• [Problem to work on]:
Leave every picture out, and print the full listing again exactly.

• [Data excerpt]:
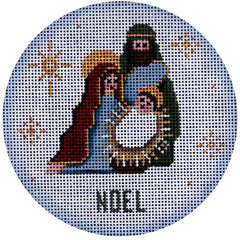 Rebecca Wood Designs Noel Needlepoint Canvas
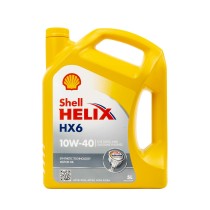 Huile de moteur pour voiture Shell Helix HX6 5 L 10W40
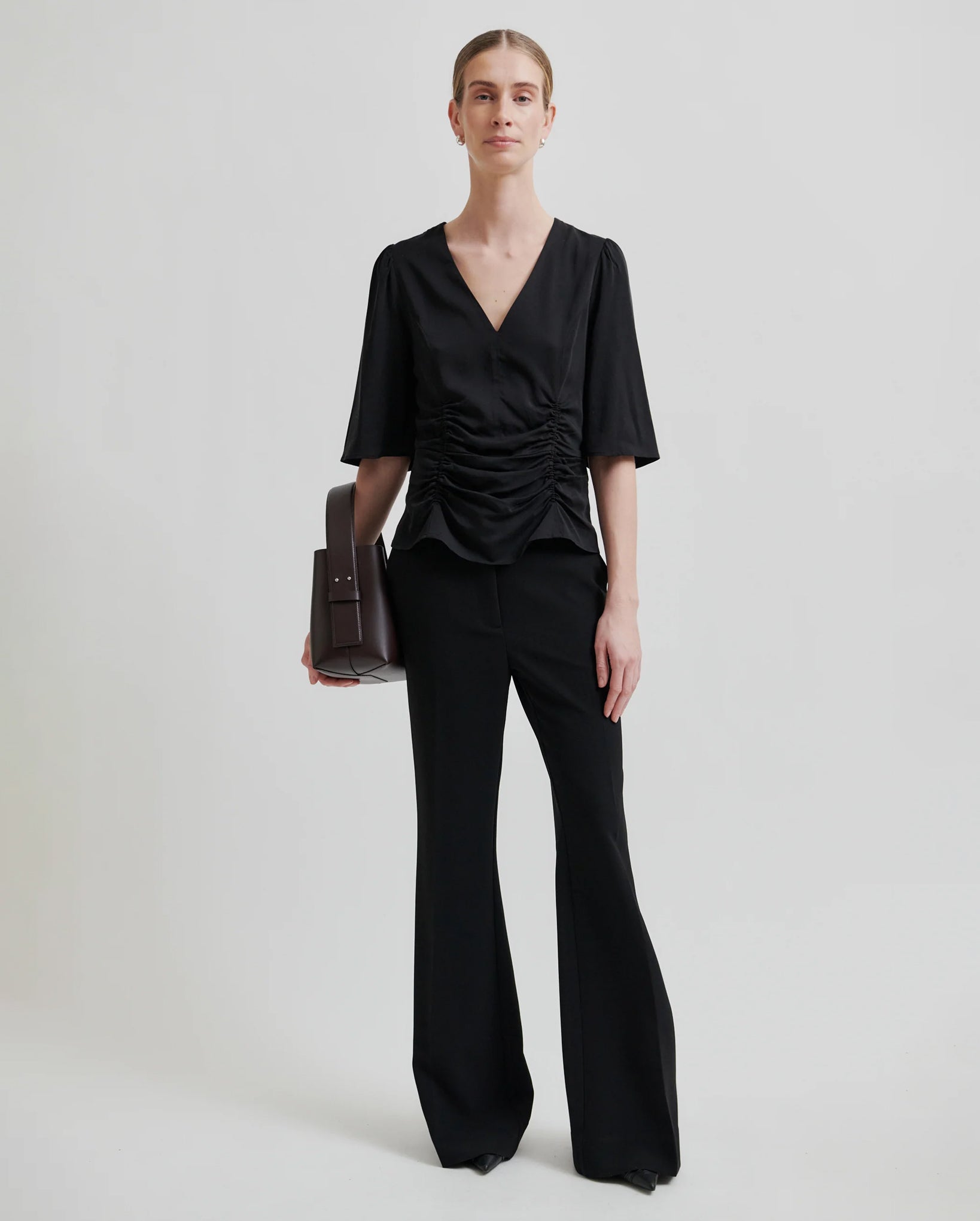 Winnie Blouse (Black)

• [Task solution]:
 Rebecca Wood Designs Noel Needlepoint Canvas
 Huile de moteur pour voiture Shell Helix HX6 5 L 10W40
 Winnie Blouse (Black)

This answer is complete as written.